Occurrence of Listeria species in different captive wild animals of Nandankanan Zoo, Baranga, Odisha, India
Laxmi Narayan Sarangi 1 & Hemanta Kumar Panda 2
1,2 Department of Bacteriology and Virology, College of Veterinary Science and Animal Husbandry, Odisha University of Agriculture and Technology, Bhubaneswar, Odisha 751003, India
1 firstname.lastname@example.org (corresponding author), 2 email@example.com
Listeriosis is an important emerging zoonotic disease caused by pathogenic strains of Listeria species particularly L. monocytogenes and L. ivanovii. The disease is distributed worldwide and has been reported in countries of six continents. The significance of the pathogen lies in its ubiquitous nature (Low & Donachie 1997) and wide host range, which includes 40 mammals, 20 birds, crustaceans, ticks and fishes (Sonnenworth 1980). The organism is commonly found in water, soil, vegetative materials and faecal samples of animals (Sheehan et al. 1994). The pathogenic potential of Listeria is well known as it causes abortion, mastitis, infertility, encephalitis and septicaemia in animals, but its spectrum of diseases is much broader and ranges from asymptomatic infection and silent carriage to cutaneous lesions or infections like conjunctivitis, urethritis, endocarditis, pneumonia, pericarditis and disturbance in gait, followed by death (Malik et al. 2010).

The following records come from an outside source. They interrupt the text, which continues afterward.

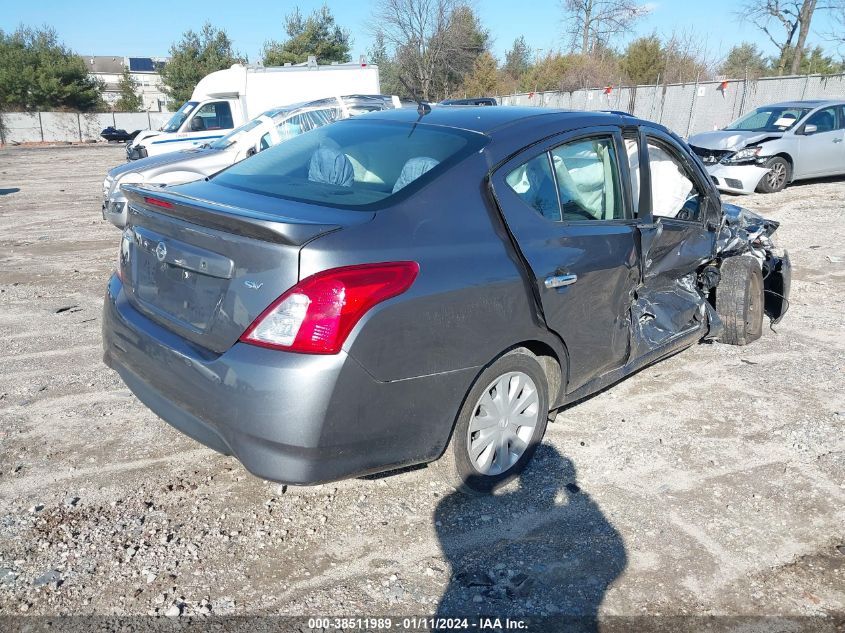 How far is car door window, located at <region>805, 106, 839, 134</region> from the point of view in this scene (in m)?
13.3

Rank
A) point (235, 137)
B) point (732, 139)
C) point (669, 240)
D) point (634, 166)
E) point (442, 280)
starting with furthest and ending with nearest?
point (732, 139), point (235, 137), point (669, 240), point (634, 166), point (442, 280)

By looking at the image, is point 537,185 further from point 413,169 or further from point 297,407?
point 297,407

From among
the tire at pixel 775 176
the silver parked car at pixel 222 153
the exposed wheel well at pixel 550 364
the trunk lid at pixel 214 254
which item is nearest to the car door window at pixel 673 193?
the exposed wheel well at pixel 550 364

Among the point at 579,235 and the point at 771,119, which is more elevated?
the point at 771,119

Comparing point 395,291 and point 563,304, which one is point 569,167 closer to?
point 563,304

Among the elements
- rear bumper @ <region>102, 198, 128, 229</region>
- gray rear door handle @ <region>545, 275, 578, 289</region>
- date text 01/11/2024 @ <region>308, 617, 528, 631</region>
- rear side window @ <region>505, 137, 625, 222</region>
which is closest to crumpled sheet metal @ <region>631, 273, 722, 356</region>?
rear side window @ <region>505, 137, 625, 222</region>

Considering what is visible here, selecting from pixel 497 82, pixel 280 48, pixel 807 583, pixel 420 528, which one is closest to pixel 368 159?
pixel 420 528

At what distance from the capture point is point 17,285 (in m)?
7.04

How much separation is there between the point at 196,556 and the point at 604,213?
265cm

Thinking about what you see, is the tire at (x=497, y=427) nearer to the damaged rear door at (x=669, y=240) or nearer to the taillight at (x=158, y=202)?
the damaged rear door at (x=669, y=240)

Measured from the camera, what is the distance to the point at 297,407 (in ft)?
7.94

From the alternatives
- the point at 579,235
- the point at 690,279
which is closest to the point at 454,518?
the point at 579,235

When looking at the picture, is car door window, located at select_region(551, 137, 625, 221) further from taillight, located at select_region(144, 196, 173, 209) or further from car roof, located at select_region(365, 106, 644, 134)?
taillight, located at select_region(144, 196, 173, 209)

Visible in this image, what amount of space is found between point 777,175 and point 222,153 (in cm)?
1038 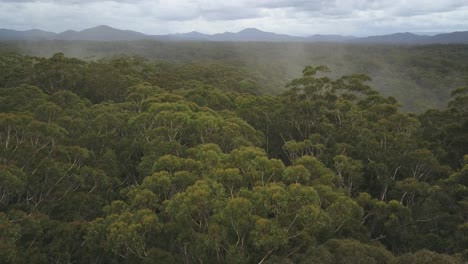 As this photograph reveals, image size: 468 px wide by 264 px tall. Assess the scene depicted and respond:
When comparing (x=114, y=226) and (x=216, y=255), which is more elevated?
(x=114, y=226)

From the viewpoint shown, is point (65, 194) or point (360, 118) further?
point (360, 118)

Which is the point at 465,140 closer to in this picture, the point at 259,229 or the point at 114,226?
the point at 259,229

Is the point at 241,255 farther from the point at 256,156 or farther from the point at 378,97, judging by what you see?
the point at 378,97

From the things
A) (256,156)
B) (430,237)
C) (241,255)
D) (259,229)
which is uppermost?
(256,156)

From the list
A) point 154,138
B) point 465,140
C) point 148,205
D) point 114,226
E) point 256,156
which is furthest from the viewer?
point 465,140

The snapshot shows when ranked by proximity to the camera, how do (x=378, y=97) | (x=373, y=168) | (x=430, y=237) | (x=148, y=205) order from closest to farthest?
(x=148, y=205) < (x=430, y=237) < (x=373, y=168) < (x=378, y=97)

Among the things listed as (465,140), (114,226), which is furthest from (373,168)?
(114,226)

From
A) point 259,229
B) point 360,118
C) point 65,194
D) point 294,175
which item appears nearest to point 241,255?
point 259,229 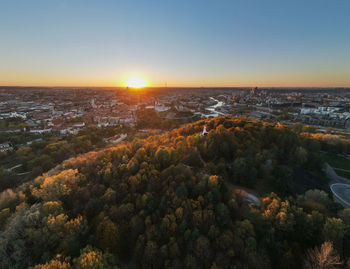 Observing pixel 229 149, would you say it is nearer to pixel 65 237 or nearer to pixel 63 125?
pixel 65 237

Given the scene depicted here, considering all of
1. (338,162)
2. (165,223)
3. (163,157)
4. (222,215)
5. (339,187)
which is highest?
(163,157)

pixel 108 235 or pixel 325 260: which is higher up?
pixel 325 260

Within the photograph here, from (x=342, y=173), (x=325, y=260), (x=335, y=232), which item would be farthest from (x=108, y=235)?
(x=342, y=173)

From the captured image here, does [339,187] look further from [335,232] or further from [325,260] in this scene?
[325,260]

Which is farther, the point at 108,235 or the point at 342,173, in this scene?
the point at 342,173

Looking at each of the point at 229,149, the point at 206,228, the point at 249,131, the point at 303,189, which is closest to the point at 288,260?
the point at 206,228

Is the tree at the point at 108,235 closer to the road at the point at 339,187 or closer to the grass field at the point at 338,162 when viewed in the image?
the road at the point at 339,187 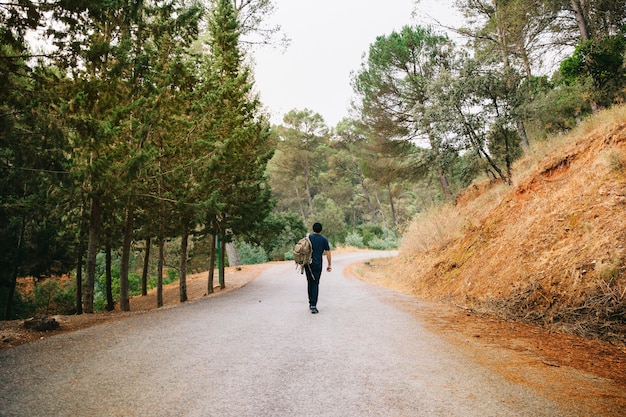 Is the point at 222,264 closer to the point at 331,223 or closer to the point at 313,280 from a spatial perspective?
the point at 313,280

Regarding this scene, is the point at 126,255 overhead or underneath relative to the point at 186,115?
underneath

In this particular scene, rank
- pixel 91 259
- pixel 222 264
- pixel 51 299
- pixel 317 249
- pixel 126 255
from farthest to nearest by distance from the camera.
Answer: pixel 51 299 < pixel 222 264 < pixel 126 255 < pixel 91 259 < pixel 317 249

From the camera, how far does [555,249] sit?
20.2ft

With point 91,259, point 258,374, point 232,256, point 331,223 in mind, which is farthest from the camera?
point 331,223

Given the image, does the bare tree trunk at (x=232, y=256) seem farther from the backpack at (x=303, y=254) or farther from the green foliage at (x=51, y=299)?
the backpack at (x=303, y=254)

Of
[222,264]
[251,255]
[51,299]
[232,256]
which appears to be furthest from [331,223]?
[51,299]

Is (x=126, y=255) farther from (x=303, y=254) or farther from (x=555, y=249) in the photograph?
(x=555, y=249)

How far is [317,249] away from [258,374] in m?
4.07

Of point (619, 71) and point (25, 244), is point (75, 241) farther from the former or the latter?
point (619, 71)

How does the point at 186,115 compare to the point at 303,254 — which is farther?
the point at 186,115

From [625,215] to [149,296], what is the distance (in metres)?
19.2

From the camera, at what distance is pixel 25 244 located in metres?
14.4

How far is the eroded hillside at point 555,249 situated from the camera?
4.80 m

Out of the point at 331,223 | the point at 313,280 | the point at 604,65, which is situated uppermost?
the point at 604,65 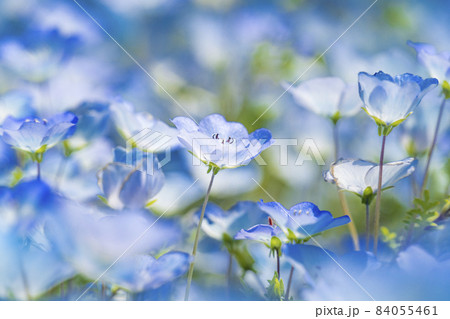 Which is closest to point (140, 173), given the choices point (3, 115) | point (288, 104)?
point (3, 115)

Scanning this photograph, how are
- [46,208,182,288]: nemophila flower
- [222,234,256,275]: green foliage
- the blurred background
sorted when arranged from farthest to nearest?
the blurred background → [222,234,256,275]: green foliage → [46,208,182,288]: nemophila flower

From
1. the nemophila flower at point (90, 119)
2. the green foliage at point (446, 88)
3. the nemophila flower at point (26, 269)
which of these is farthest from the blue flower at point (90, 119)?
the green foliage at point (446, 88)

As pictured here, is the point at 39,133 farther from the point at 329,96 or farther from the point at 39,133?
the point at 329,96

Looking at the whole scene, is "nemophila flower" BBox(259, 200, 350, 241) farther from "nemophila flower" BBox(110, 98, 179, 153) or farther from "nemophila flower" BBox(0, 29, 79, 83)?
"nemophila flower" BBox(0, 29, 79, 83)

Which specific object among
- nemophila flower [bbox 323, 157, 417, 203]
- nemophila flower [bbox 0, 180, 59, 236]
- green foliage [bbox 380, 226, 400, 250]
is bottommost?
nemophila flower [bbox 0, 180, 59, 236]

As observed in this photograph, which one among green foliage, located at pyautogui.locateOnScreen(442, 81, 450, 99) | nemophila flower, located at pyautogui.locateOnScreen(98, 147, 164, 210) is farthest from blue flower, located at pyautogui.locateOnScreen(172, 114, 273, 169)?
green foliage, located at pyautogui.locateOnScreen(442, 81, 450, 99)

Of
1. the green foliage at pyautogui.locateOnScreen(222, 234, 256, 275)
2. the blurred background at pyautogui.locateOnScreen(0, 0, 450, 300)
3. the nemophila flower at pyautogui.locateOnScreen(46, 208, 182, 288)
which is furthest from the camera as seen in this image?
the blurred background at pyautogui.locateOnScreen(0, 0, 450, 300)

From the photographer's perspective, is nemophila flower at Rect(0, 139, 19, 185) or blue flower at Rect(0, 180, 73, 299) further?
nemophila flower at Rect(0, 139, 19, 185) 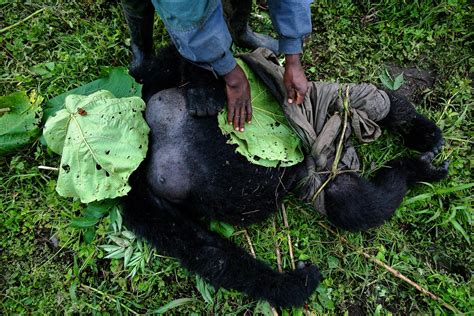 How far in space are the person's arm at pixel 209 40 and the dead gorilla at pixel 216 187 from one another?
124 millimetres

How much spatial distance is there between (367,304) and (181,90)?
1818mm

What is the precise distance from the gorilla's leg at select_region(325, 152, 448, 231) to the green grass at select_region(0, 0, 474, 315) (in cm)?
18

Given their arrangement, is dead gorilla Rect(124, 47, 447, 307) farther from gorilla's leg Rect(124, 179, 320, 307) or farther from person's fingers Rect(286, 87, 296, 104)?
person's fingers Rect(286, 87, 296, 104)

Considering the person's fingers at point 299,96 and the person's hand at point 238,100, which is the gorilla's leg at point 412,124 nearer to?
the person's fingers at point 299,96

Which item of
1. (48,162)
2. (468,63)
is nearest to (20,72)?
(48,162)

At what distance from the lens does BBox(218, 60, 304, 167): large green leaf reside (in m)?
2.23

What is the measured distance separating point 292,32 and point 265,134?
22.5 inches

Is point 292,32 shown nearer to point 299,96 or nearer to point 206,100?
point 299,96

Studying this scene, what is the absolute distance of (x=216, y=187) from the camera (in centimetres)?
229

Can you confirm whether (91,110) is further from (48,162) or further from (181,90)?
(48,162)

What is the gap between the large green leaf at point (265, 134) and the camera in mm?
2232

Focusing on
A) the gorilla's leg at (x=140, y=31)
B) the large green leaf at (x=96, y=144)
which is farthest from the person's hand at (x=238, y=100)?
the gorilla's leg at (x=140, y=31)

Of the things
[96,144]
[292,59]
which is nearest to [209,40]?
[292,59]

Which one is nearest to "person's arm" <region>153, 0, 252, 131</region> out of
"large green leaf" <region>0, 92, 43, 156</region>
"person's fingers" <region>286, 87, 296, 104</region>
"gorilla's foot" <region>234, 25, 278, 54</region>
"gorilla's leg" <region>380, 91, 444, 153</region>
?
"person's fingers" <region>286, 87, 296, 104</region> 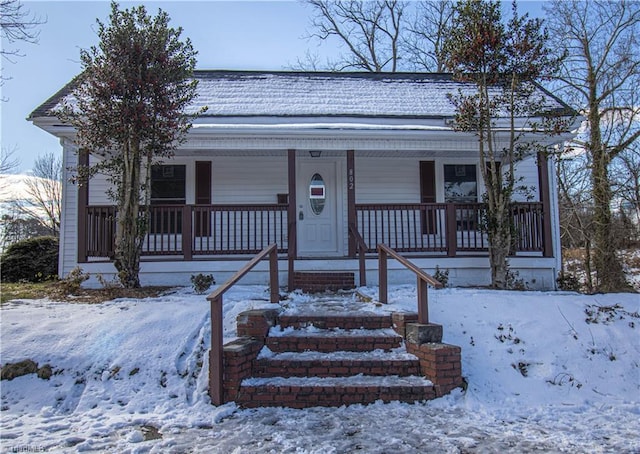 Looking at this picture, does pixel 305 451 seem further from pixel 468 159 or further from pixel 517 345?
pixel 468 159

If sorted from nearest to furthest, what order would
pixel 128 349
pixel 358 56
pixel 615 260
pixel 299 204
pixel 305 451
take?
pixel 305 451
pixel 128 349
pixel 299 204
pixel 615 260
pixel 358 56

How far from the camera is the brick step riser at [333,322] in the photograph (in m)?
5.34

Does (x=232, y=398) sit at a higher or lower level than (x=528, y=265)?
lower

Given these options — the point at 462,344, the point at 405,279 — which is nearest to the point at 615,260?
the point at 405,279

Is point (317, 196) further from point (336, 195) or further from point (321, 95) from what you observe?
point (321, 95)

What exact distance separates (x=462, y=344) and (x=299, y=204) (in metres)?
5.51

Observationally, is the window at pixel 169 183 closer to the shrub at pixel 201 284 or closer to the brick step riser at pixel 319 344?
the shrub at pixel 201 284

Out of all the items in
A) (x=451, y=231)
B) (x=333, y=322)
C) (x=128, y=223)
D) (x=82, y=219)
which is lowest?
(x=333, y=322)

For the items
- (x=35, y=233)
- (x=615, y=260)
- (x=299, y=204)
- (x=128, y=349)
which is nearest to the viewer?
(x=128, y=349)

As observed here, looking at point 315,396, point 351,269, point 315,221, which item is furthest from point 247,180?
point 315,396

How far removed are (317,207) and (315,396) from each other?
6251 millimetres

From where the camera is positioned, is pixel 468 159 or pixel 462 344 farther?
pixel 468 159

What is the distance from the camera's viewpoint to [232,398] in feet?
13.8

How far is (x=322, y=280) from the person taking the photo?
7.99 metres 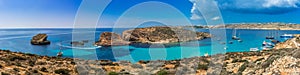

The number of animals in the wild is decreasing rapidly and many of the animals living in zoos represent endangered species. Proper care and management of such animals must be of prime importance. There is a high risk of infection to the captive animals in zoos as large numbers of animals are kept in a restricted area (Bowens et al. 2003). Listeria spp. have the ability to survive for a long period in the soil and are also possibly excreted in the faeces of asymptomatic carrier animals and pose a great risk of infection to other animals, zoo keepers and also to the visitors. This study was undertaken to determine the occurrence of Listeria species in faecal samples of wild animal species in the Nandankanan Zoo, Baranga, Odisha, India.
Materials and Methods
Test strains: The standard strains of Listeria monocytogenes (MTCC 1143), Listeria ivanovii (MTCC 7056), Staphylococcus aureus (MTCC 1144) and Rhodococcus equi (MTCC 1135) were obtained from the Microbial Type Culture Collection and Gene Bank (MTCC), Institute of Microbial Technology (IMTECH), Chandigarh, India. The strains were tested for their purity as well as for their morphological and biochemical characteristics. The L. monocytogenes strain was also tested for its pathogenicity in vitro and in vivo. All the strains were maintained by sub culturing them in Brain Heart Infusion (BHI) at 15 days interval.
Collection of samples: One hundred and four faecal samples were either collected from an individual animal, if it was kept in a separate enclosure (noted as individual samples) or from several animals if they were housed together in one enclosure (noted as pooled samples). All the samples were collected in the morning hours non invasively (Table 1).
Isolation method and media used: Listeria were isolated per USDA method described by McClain & Lee (1988) with slight modifications. Therefore, the samples were enriched in a two-step enrichment procedure and were then plated onto a selective medium as follows.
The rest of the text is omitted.